Homage to Ukraine, the breeze that blows between the graves
Our 31st Festival opens with a homage to the people and artists of Ukraine in their great act of resistance to tyranny. Both Anna Fedorova and Diana Tischenko (pictured) are Ukrainian, while Valentin Silvestrov is their greatest living composer. Silvestrov’s Five Pieces is set in his familiar haunted dream world, a gentle opening work for the first of our fifty concerts. Although we see Prokofiev as a Russian composer, he was born in Ukraine and spent most of his childhood there. His F minor Sonata was composed during and after the Second World War, which explains the funereal aspect of the opening Andante and the raging fury of the Allegro brusco. This incandescent Scherzo matches similar outcries from Shostakovich in those terrible years. The Andante Third Movement lifts the mood with its gentle arabesques. The Finale is an intoxicatingly wild ride, until near the very end when the composer re-visits the wind that blows between the graves and a sad and lonesome postscript.

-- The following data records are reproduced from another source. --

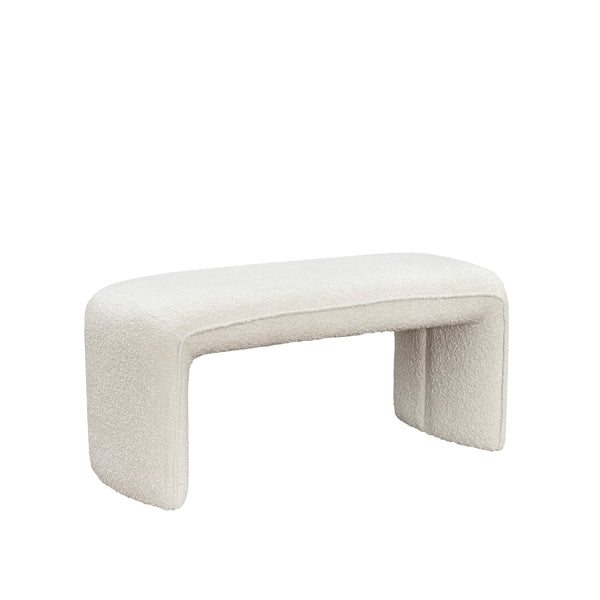 Modern white boucle teddy fabric bench seat, perfect for adding a plush, sophisticated touch to interiors.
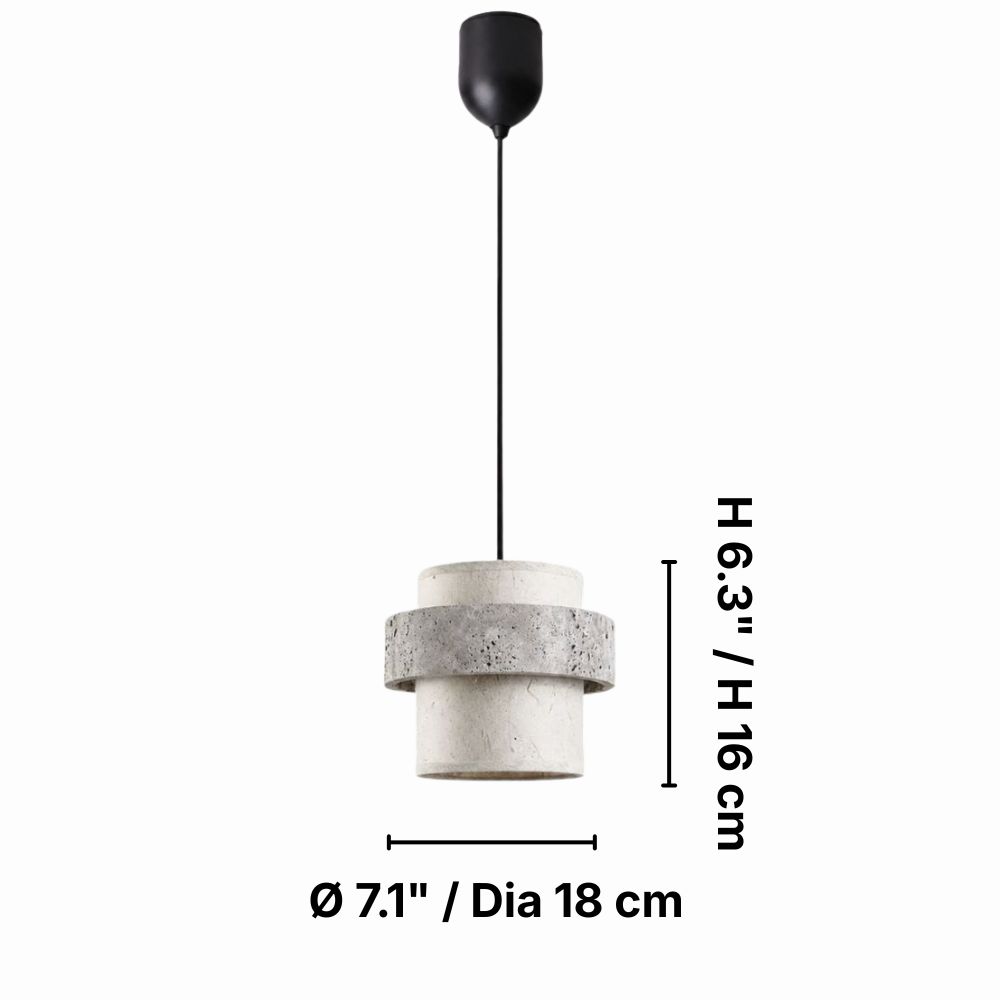 Style C gray travertine stone pendant dimension diagram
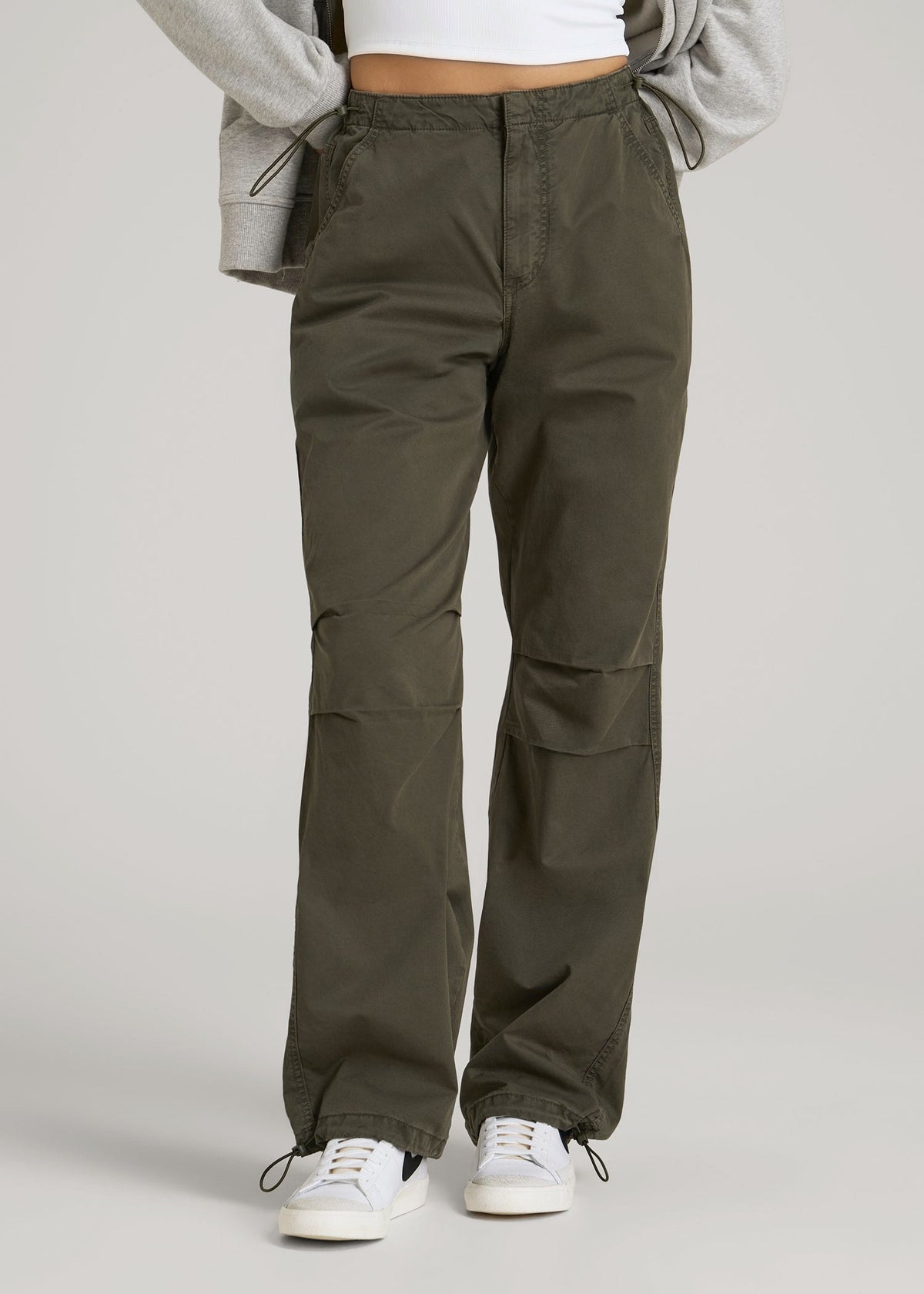 Garment Dyed Parachute Chino Pants for Tall Women in Forest Night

Beethoven’s five late quartets are one of the ikons all string quartets worship, even Quartets dedicated to contemporary music find it hard to stay away. Despite being written 200 years ago, they speak to us even more clearly than to his own contemporaries. The E flat quartet opens the series and is comparatively straightforward compared to most of the others. The Colburn-educated Calidore Quartet – a name purloined from a Keats poem – will perform it for us. Like Schubert at much the same time, Beethoven explores the overwhelming power of a string quartet in full flight. The strange thing is that despite the intellectual and emotional ferocity of much of this opening movement, there is another part that just dances, dances for joy. It is paired one of his most ecstatic Adagios, seemingly a simple set of variations on a rapt and expressive melody, but what is heart-stopping is the way Beethoven uses changes in rhythm and tempo to dislocate our sense of time so that by the third variation we find ourselves in that strange new world, where time no longer exists. Welcome then to the miracle of our wondrous festival of music.